Bu bakımdan Libya’da olup bitenler, diğer Arap ülkelerindeki durumdan farklı ve tabii Türkiye için de çok kaygı verici.

Eskisi gibi değil
Libya öteden beri özellikle müteahhitlik işleri nedeniyle Türkiye’nin önem verdiği bir ülke. Gerçekten Türk işçilerini de yerinde çalıştırabilen Türk firmalarının milyarlarca dolarlık yatırımları var bu ülkede.
Açıkçası Ankara Libya ile sıkı bağlar kurarken, Kaddafi rejiminin siyasi “hal ve davranışı” ile de pek ilgilenmemiştir.
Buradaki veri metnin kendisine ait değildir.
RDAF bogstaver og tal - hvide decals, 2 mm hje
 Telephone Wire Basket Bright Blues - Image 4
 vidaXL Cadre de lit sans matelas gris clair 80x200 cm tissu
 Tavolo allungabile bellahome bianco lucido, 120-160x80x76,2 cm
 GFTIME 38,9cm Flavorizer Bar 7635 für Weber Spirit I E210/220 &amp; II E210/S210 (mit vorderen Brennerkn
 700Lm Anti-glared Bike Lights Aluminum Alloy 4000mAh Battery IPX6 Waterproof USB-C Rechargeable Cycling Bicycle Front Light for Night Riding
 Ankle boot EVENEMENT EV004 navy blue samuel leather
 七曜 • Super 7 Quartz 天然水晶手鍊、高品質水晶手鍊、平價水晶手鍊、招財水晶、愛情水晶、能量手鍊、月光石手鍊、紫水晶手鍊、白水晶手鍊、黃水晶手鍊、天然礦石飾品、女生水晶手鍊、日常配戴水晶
O kadar ki, Başbakan Erdoğan geçenlerde Libya’ya gidip Kaddafi’nin elinden, onun adını taşıyan bir “İnsan Hakları Ödülü”nü almayı uygun görmüştür!..
Libya’nın siyasal geleceğinin Tunus ve Mısır’a, Kaddafi’nin akıbetinin de Bin Ali ve Mübarek’e benzeyip benzemeyeceği belli değil. Ama Kaddafi “demir yumruk” ile halk hareketini bastırsa bile, rejimini fazla sürdürmeyecek, Libya da eskisi gibi olmayacaktır.
Başta belirttiğimiz gibi, Libya’daki gelişmeler oradaki Türkler nedeniyle Türkiye’yi çok yakından ilgilendiriyor. Ama “değişim salgını”nın Arap dünyasında yayılması, Ankara’yı son yıllarda izlediği bölgesel politikada yeni durumlar ve yeni zorluklar karşısında bırakıyor.
Ankara Arap ülkelerine açılırken, haliyle mevcut liderlerle ve rejimlerle sıkı işbirliği kurmuştur. Bunu yaparken de kendi çıkarlarına ve bölgedeki istikrara öncelik vermiştir.
Oya şimdi hemen hemen bütün bölge ülkelerinde halklar ayakta. Bazı liderler gitti; bazısı da “gidici” sayılıyor. Ayrıca çoğu ülkede belirsizlik ve istikrarsızlık hâkim.

Yeni durumlar
Yeni durum Türkiye’yi olup bitenler karşısında bir tavır almaya zorluyor. Ankara biraz gecikmeli de olsa, Mısır’daki olaylarda net bir ilkesel tavır ortaya koydu. Gerek Başbakan gerekse Cumhurbaşkanı konuşmalarında, liderlerin halkın sesine kulak vermek zorunda oldukları ve zor kullanarak sonuç alamayacakları mesajını verdiler...
Türkiye bu ilkesel tavrını, halk hareketlerine sahne olan bütün ülkeler için de sergileyecek mi? Yani demokratik değerleri, istikrar mülahazalarının önüne çıkaracak mı?
Bu zor bir tercih ve yeni durumun Türk diplomasisi için yarattığı yeni sıkıntıların sadece bir kesiti...
Ortadoğu’daki değişim rüzgârları beraberinde belirsizlikler de getiriyor. Dolayısıyla Ankara’nın bir zorluğu da, bölge ile ilgili politikalarını yeni durumlara göre yeniden ayarlamak olacaktır.